The Justice Department which is expected to provide lawyers for the defendants, may ask a judge to dismiss the case by asserting that the evidence necessary to litigate it would disclose state secrets or that decisions about whom to kill in an armed conflict are ‘‘political questions’’ not fit for judicial review. The government asserted both arguments in the 2010 case, and the judge who dismissed that lawsuit also cited the ‘‘political question’’ doctrine.
Even if a judge declined to dismiss the case on those grounds, the officials could assert that ‘‘qualified immunity’’ protected them from lawsuits alleging that they violated someone’s constitutional rights while performing official actions that did not violate ‘‘clearly established law’’ at the time.
While it has been widely reported that the United States carried out the strikes, the Obama administration has never officially acknowledged responsibility for them. The New York Times has described the details of a secret Justice Department memorandum that concluded it would be lawful to target Anwar Awlaki if capturing him was infeasible.
Several administration officials, including Attorney General Eric H. Holder Jr. in a speech at Northwestern University in March, have also defended the targeting of citizens, without a trial, if they join terrorist groups and under certain conditions.
‘‘Some have argued that the president is required to get permission from a federal court before taking action against a United States citizen who is a senior operational leader of Al Qaeda or associated forces,’’ Holder said. ‘‘This is simply not accurate. ‘Due process’ and ‘judicial process’ are not one and the same, particularly when it comes to national security. The Constitution guarantees due process, not judicial process.’’
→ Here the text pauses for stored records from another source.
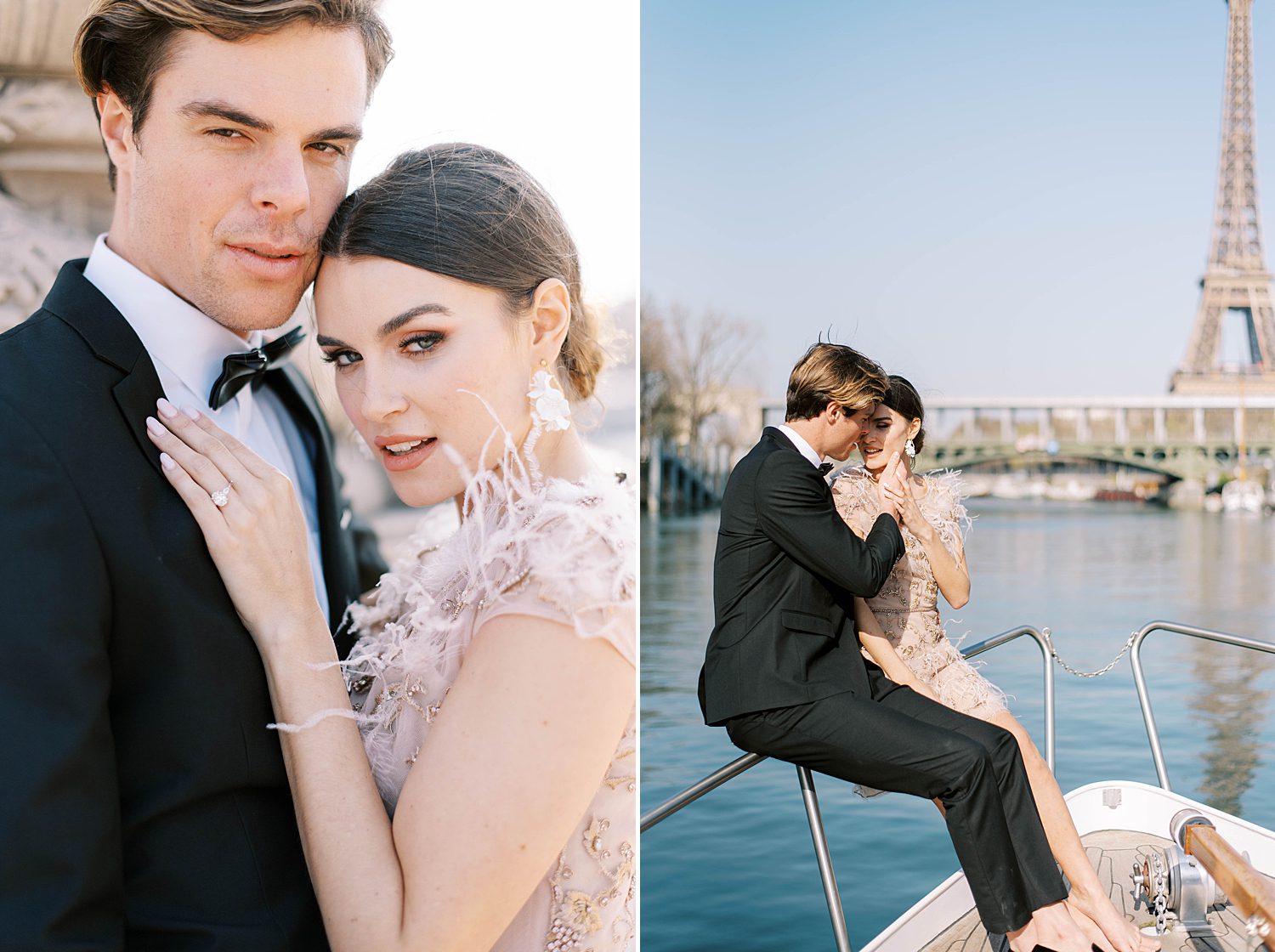 newlyweds sit on river boat in Paris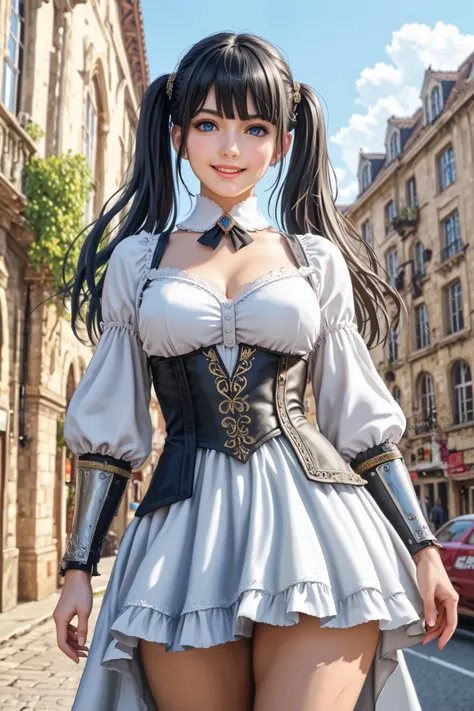 (masterpiece:1.2), [(female warrior with a ornate elegant sophisticated cover walking away), (hair between eyes, fringe),(two twin tails long hair), (long black hair flowing), (blue eyes), in a swordsman style dark armor, gorgeous platinum bracers, slender...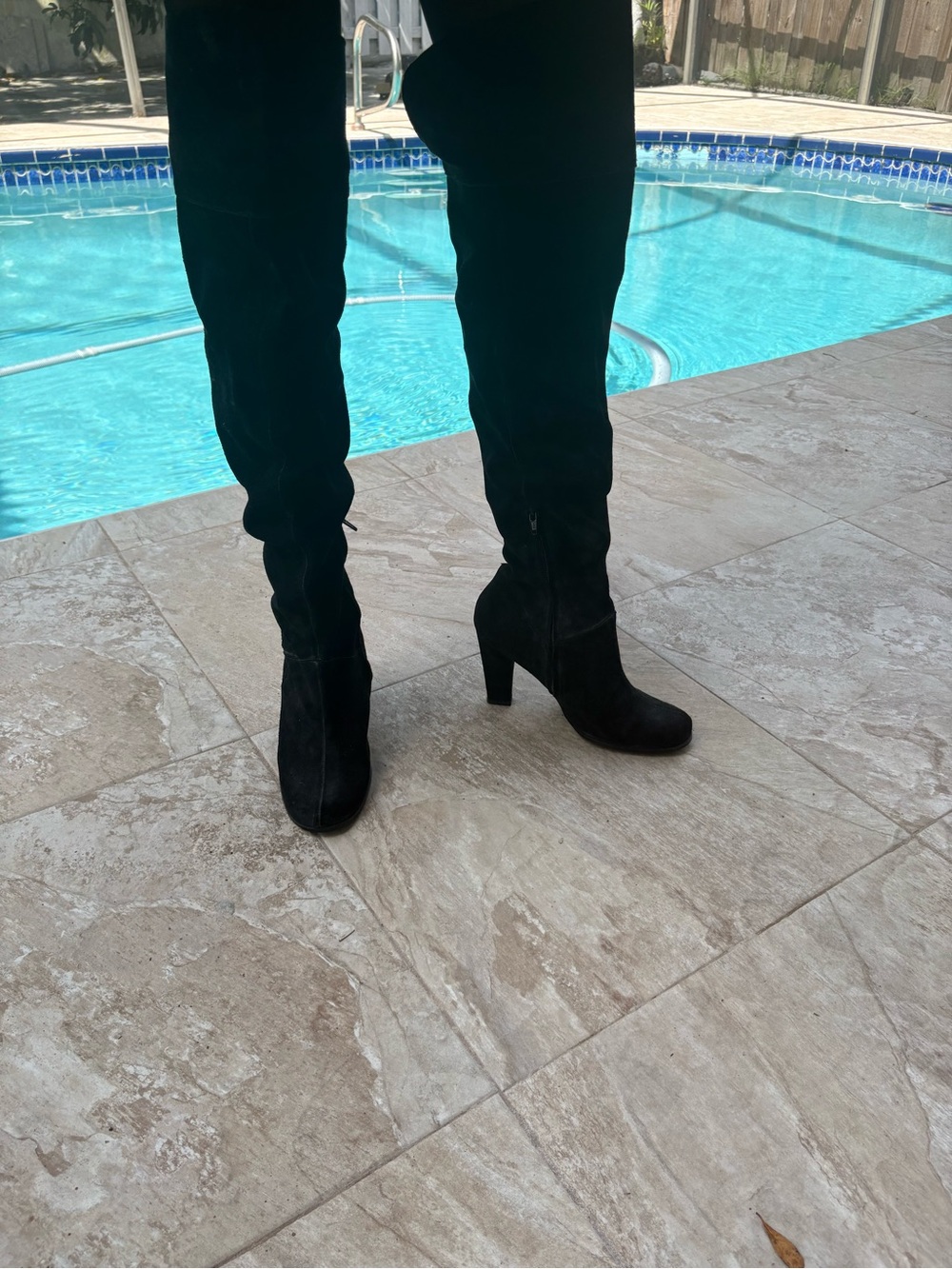 Restricted Women's Black Suede Knee-High Block Heel Boots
In 2010, reports surfaced that Anwar Awlaki had been placed on a ‘‘kill list’’ after the attempted bombing of a Detroit-bound airliner Dec. 25, 2009. The would-be bomber is said to have told his interrogators that Awlaki recruited him for the operation. Awlaki has also been accused of playing a role in other terrorist plots, but he was not indicted or tried.
The complaint says Awlaki should not have been designated ‘‘for death without the protections of a judicial trial’’ by the executive branch and contends that at the time of his killing, he did not present any immediate ‘‘concrete, specific and imminent threat of death or serious bodily injury.’’ It also asserts that any threat he did present when he was found could have been mitigated without lethal force, although it does not say how.
Complicating matters, it is believed that the Sept. 30 strike specifically targeted Awlaki, making the people around him — including Samir Khan — collateral damage. Likewise, Awlaki’s son is said to have been a bystander in the Oct. 14 strike. Samir Khan was involved in producing propaganda for Al Qaeda’s Yemen branch, but Abdulrahman Awlaki had not been accused of joining the group.
“Even in the context of an armed conflict, government officials must comply with the requirements of distinction and proportionality and take all feasible measures to protect bystanders,’’ the lawsuit indicates.